--- Problem statement ---
Please retype the data below line for line and leave out every picture.

--- Data below ---
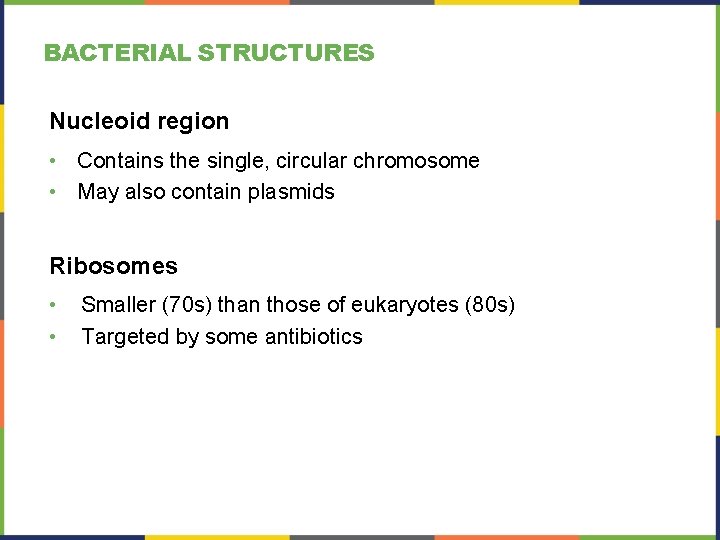 BACTERIAL STRUCTURES Nucleoid region • Contains the single, circular chromosome • May also contain BACTERIAL STRUCTURES Nucleoid region • Contains the single, circular chromosome • May also contain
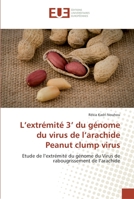 L extrémité 3 du génome du virus de l arachide peanut clump virus 6131558140 Book Cover
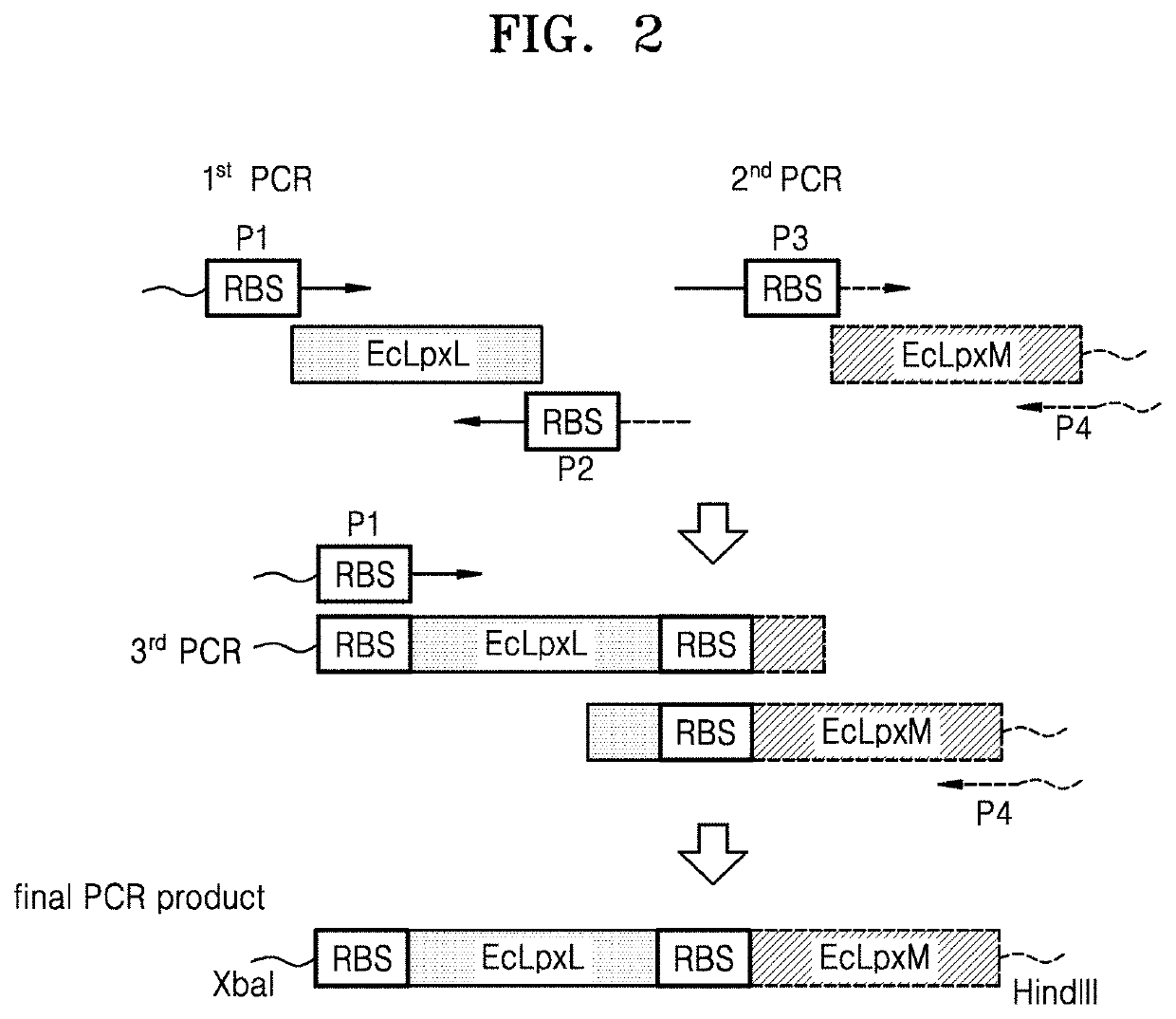 Bacterium constitutively producing monophosphoryl lipid A and method of producing monophosphoryl lipid A by using bacterium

--- Solution to this exercise ---
 BACTERIAL STRUCTURES Nucleoid region • Contains the single, circular chromosome • May also contain BACTERIAL STRUCTURES Nucleoid region • Contains the single, circular chromosome • May also contain
 L extrémité 3 du génome du virus de l arachide peanut clump virus 6131558140 Book Cover
 Bacterium constitutively producing monophosphoryl lipid A and method of producing monophosphoryl lipid A by using bacterium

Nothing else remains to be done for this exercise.